THIS Museum Now Offers “Sensory Sunday” For People With Autism And Sensory Issues

Going to a museum is a fabulous way to educate yourself, interact with the material, and have some fun at the same time. But for people with autism and their families, the excitement of the experience is often ruined by crowded spaces, bright lights, loud noises, and other overwhelming sensory input.

Luckily, more and more places across the nation are becoming more aware and accepting of people with autism and sensory-processing disorders and making an effort to be more welcoming and accommodating to all individuals. Some of these include cafes, restaurants, grocery stores, movie theaters, cruise lines, amusement parks, and even entire communities. And now the Cleveland Museum of Natural History will join their ranks—at least for a day.

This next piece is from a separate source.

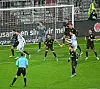 FC St. Pauli gegen Hannover 96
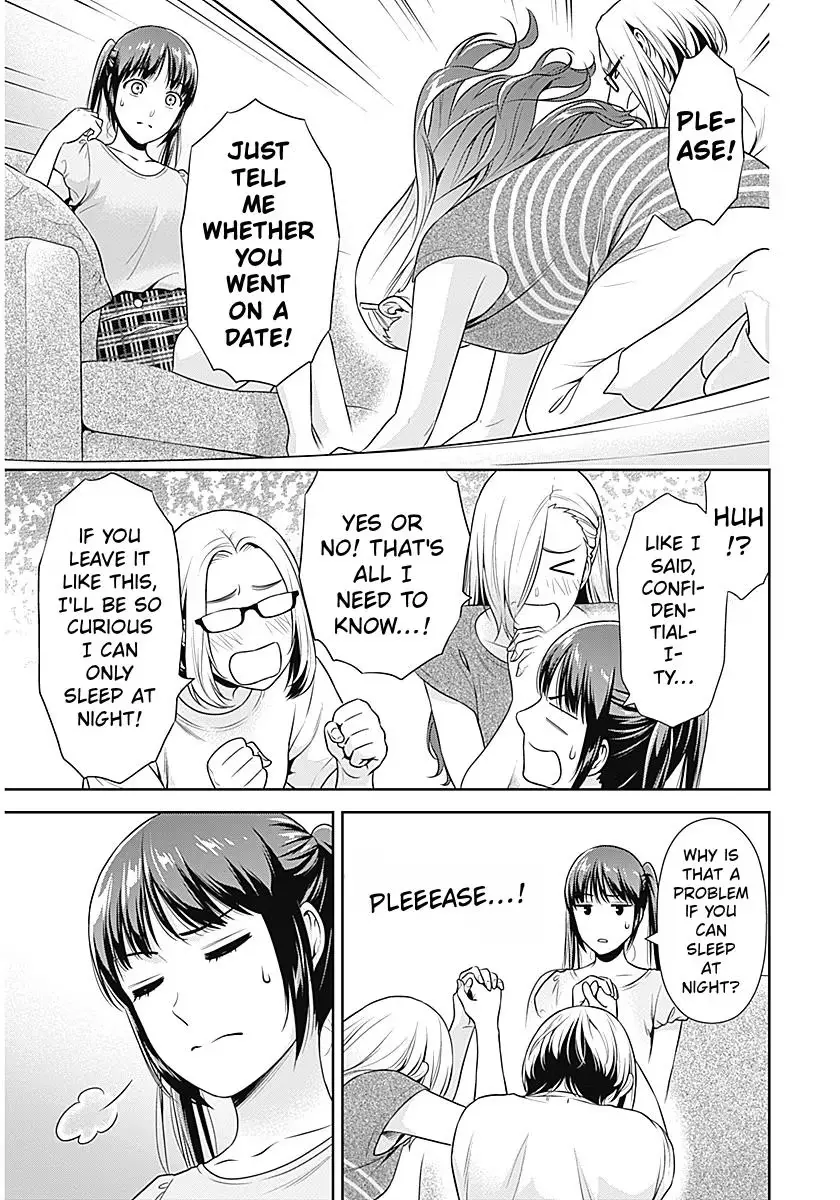 Read Can I Live With You? chapter 59 image 4 on Lezhin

Photo: Adobe Stock/K.Anisko
Photo: Adobe Stock/K.Anisko

On Sunday, July 15th, 2018, the museum is opening its doors at 9:30 a.m., two and a half hours early, to allow people with autism and their families to peruse the museum at their own pace. Not all the exhibits will be open, but those that are will have their lights dimmed and sounds quieted or shut off. Exhibits like Pterosaurs: Flight in the Age of Dinosaurs and places like the Shafran Planetarium will be modified for minimal sensory input and maximum comfort.

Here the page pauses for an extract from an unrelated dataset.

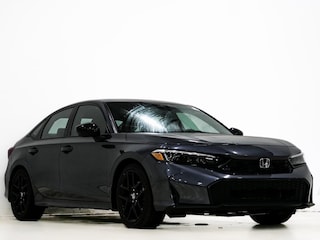 2025 Honda Civic Sport Sedan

Aside from the actual exhibits, there will be designated rest areas for those who need a break from the sensory input. The museum restaurant will have limited services available starting at 9:30 a.m., and the gift shop will open at 11:30 a.m. If weather permits, museum-goers can even spend time outside with some friendly animals.

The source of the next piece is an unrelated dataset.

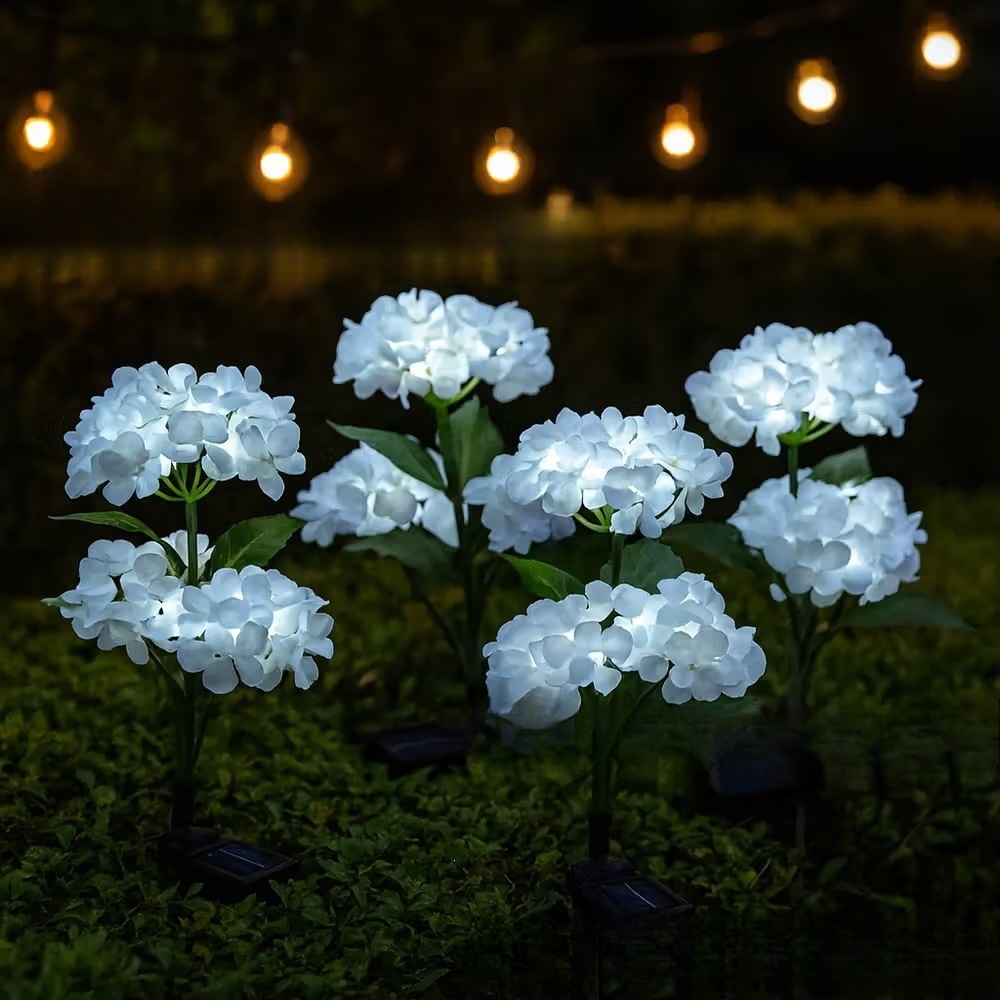 Fairy Hydrangea Lights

At noon, the museum will open its doors to other patrons and will become its noisy bustling self again. Guests with autism and sensory disorders are encouraged to stay for as long as they feel comfortable.

Photo: Adobe Stock/Monkey Business
Photo: Adobe Stock/Monkey Business

The event will be free to members and $12 per person for non-members. If you’d like to prepare your child or another person with autism for the experience of visiting a museum, you can even download a free “Visual Story” from the museum’s website to help you properly explain what it will be like.

While a few hours of sensory friendliness on a single Sunday is a far cry from a full-on overhaul of the museum, we hope that the success of this event will inspire both the staff at the Cleveland Museum of Natural History and other organizations to continue to work toward full-time autism friendliness.